Riders pay a price for stunts
Australian stunt rider Steve Mini has a high-octane, high-risk and high-reward job, the Nitro Circus Live star tells MIKE HOULAHAN.
He thinks he has had 13 different broken bones beneath the knee and let's not think about what he's done to the top half.
"My back's completely buggered and I've got the ugliest legs in Australia," freestyle motocross bike rider Steve Mini said with more good cheer than you might expect.
"I try to avoid wearing shorts. There's not much meat on my legs and they are a bit misshapen but that's what happens when you do what we do . . . if you walk into the changing rooms at the Nitro Circus you'll see pretty much everybody is bent out of shape and has bones sticking out somewhere they shouldn't be. There are probably hundreds and hundreds of broken bones between us. It's the price we pay but we love it and we love keeping on doing it."
Kids, don't try this at home.
Mini has lived the dream for 20 years and doesn't want it to end. A former plumber's apprentice from Mudgee, Mini abandoned the tools as a teenager after discovering the tricks he had taught himself as a kid riding BMX could translate to a living as a professional motorbike rider. After winning competitions, Mini took a job riding at a Chinese amusement park, honing his technique.
Back in Australia he was recruited by the Showtime Yamaha FMX Team, going on to join the famed Crusty Demons Tour. These days, home is the extreme sports cavalcade that is the Nitro Circus.
"I always wanted to do shows rather than competitions," Mini said. "For me, competitions are boring, one guy doing his jumps the another guy doing the same jumps. With the shows, you get 10 guys out on the floor at once and the entertainment value is phenomenal. That's why the Nitro Circus format is so successful, it's non-stop and it's full-on."
Every show is new and the stunts a product of trial and error - a lot of error if the broken bone tally is anything to go by.
They are also the product of constant practice - a necessity in what is, despite the jocularity about injuries, an extremely safety conscious sport. For Mini, that means a couple of practice sessions every day until he goes out on tour, and for the Nitro Circus crew it means precise measurements of each venue so they know if the dimensions allow each and every stunt to be performed.
"We had amazing crowds in New Zealand last time so we're really looking forward to coming back," Mini said.

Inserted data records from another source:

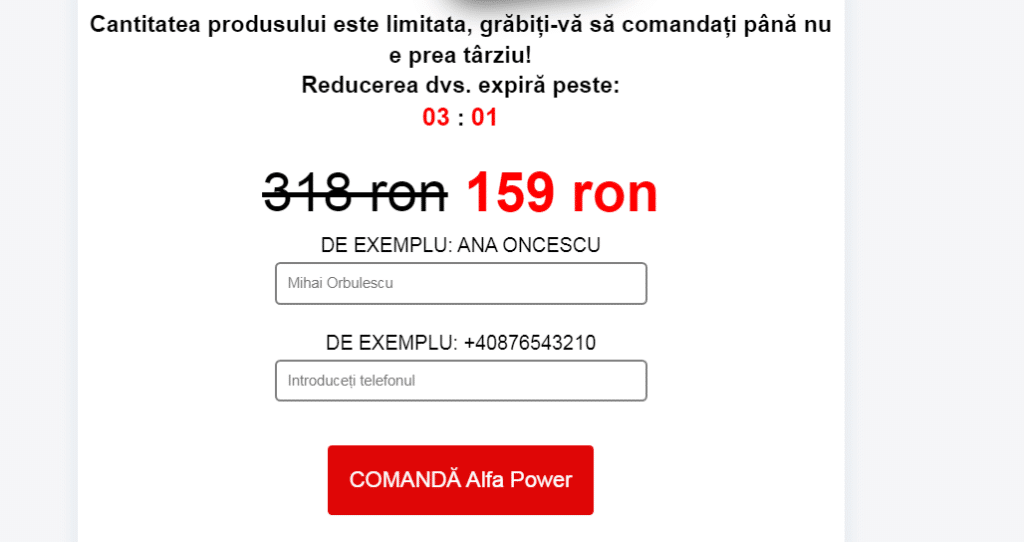 Alfa Power Romania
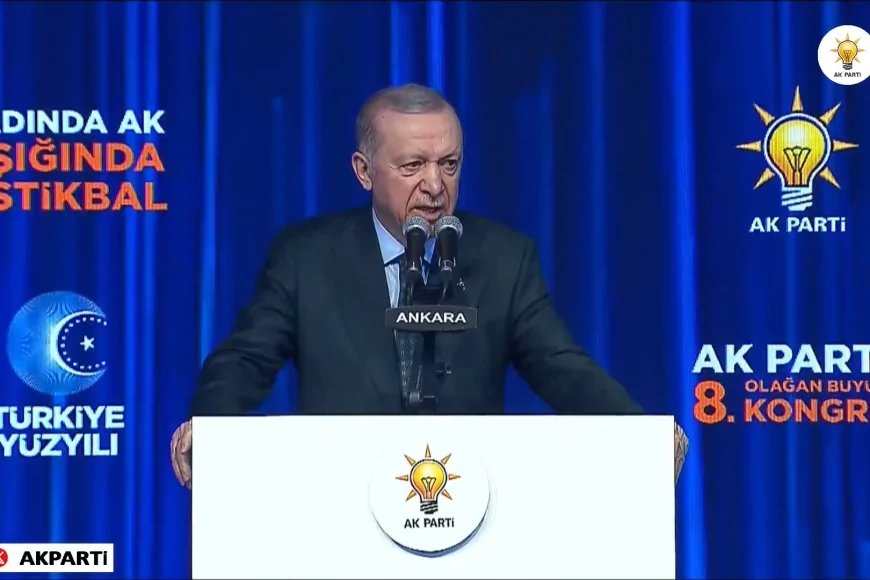 AK Parti 8. Olağan Kongresi'nde MKYK ve MDK Listeleri Açıklandı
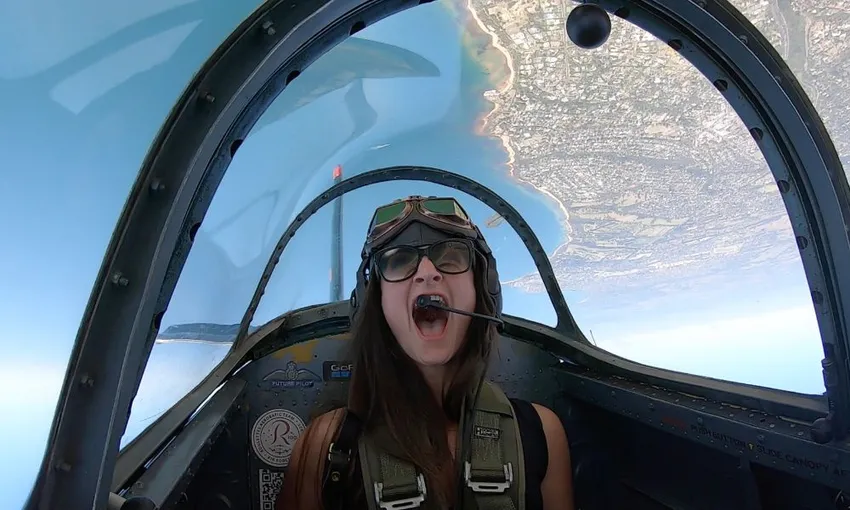 Gippsland Warbird Aerobatic Flight, 35 Minutes 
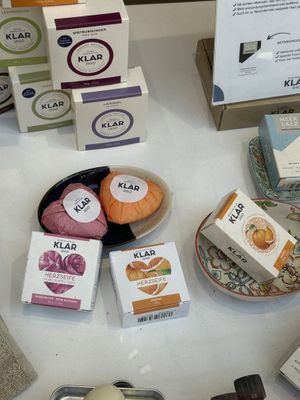 soap  at Klar Seifen in Heidelberg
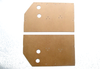 Porsche 356 C Door Panel Pair L+R Cardboard (1964-1965)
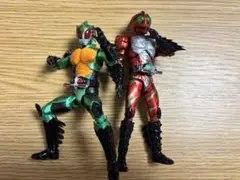 踊*ん様 ジャンク 真骨彫 仮面ライダーキバ エンペラー - メルカリ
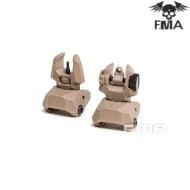 Sights set FAB Defense Dark Earth FMA (fma-tb1358-de)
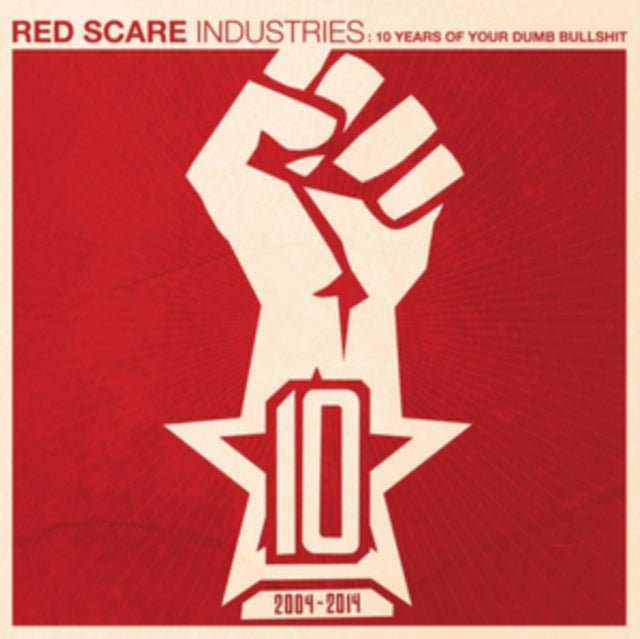 Various Artists - Red Scare Industries: 10 Years Of Your Dumb Bullshit Music CD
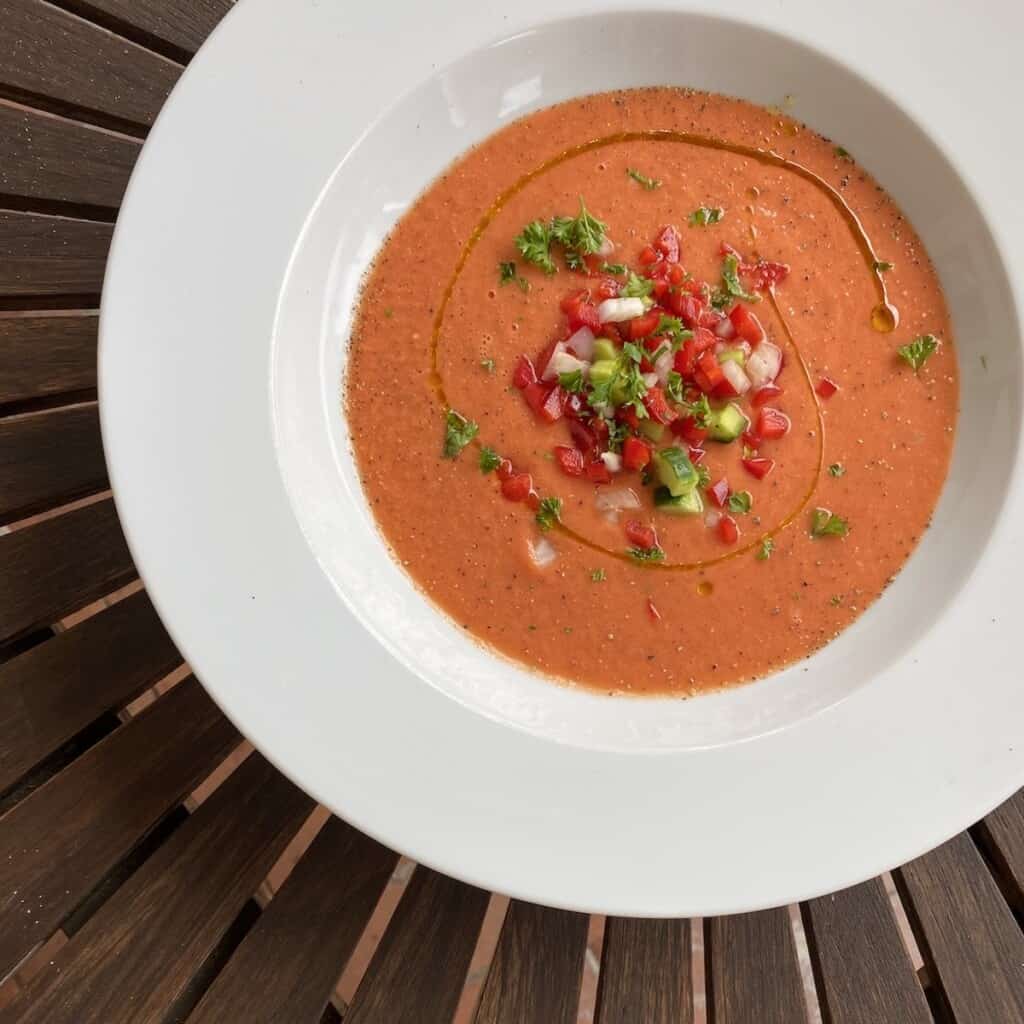 Classic gazpacho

"Dunedin was one of our best crowds . . . the new stadium will be great as indoor shows always create a great atmosphere. For the people who went last time, it will be even better. For us, we'll also be able to ride better because we won't have to worry about the weather and can give it 110 per cent. It will be the best show of the tour, I'd say."
Nitro Circus Live, Forsyth Barr Stadium, Dunedin, January 25.